D-Train, a monumental print by Richard Estes, produced by the Domberger printing studio. The vision of New York from a subway car could command $50,000 at Christie's.

Update:The monumental print of D-Train by Richard Estes sold for $35,000.

What you see: D-Train by Richard Estes, 1988. It’s one of 15 artist’s proofs (AP) created in addition to the edition of 125 prints. Christie’s estimates it at $30,000 to $50,000.

The expert: Lindsay Griffith, specialist and head of sale for prints and multiples for Christie’s.

Who, or what, is Domberger? It’s a printing studio in Stuttgart, Germany. It’s one of the preeminent printmaking studios of the 20th century. It was founded by Luitpold Domberger and is now run by his son, Michael. They’ve worked extensively with artists such as Keith Haring and Robert Indiana. Because of the precise and highly complex nature of what they produce, the most significant 20th century and post-war contemporary artists have worked with the Domberger studio.

And who is Richard Estes? He’s considered one of the most preeminent members of the photorealist school of painters. He’s known for creating highly detailed paintings and prints based on photographs. He takes more than 100 photos for his images and whittles them down to select the perspective he’s most interested in. That’s typical of his working process. He does all his drawings freehand, working from photographs, with no projectors or mechanical processes [to transfer the photographic image onto the canvas]. It speaks to what a draftsman he is. It’s what separates him from his peers.

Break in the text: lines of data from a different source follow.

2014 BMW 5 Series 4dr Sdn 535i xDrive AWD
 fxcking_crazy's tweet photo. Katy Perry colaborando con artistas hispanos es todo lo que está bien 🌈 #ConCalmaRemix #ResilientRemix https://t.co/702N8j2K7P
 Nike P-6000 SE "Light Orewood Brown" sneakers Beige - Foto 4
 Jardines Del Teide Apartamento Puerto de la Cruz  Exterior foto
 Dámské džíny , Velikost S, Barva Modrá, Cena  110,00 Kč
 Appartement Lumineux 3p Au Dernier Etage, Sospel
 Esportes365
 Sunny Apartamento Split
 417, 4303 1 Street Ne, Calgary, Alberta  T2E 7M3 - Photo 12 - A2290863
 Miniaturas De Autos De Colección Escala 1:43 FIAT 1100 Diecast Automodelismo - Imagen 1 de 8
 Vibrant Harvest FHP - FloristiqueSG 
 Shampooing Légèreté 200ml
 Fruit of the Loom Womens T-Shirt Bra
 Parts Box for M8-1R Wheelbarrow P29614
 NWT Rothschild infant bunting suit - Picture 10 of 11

How did this particular print, D-Train, come about? Is it based on a Richard Estes painting? D-Train began as a maquette [in this case, a maquette is a fully rendered two-dimensional artwork intended as the basis for another work of art], not a painting per se. The maquette was wash and acrylic on board, and it was at the same size as the print itself. Estes sent the maquette to the Domberger studio. It produced his first portfolio, Urban Landscapes, in the early 1980s. Domberger could achieve what Estes was looking for–pictorial realism. He produced a highly finished maquette image and the studio worked with him to achieve his vision.

So the idea for the D-Train print begins with Richard Estes? He decided what the image would look like. Domberger decided how to make it come alive in the printmaking medium.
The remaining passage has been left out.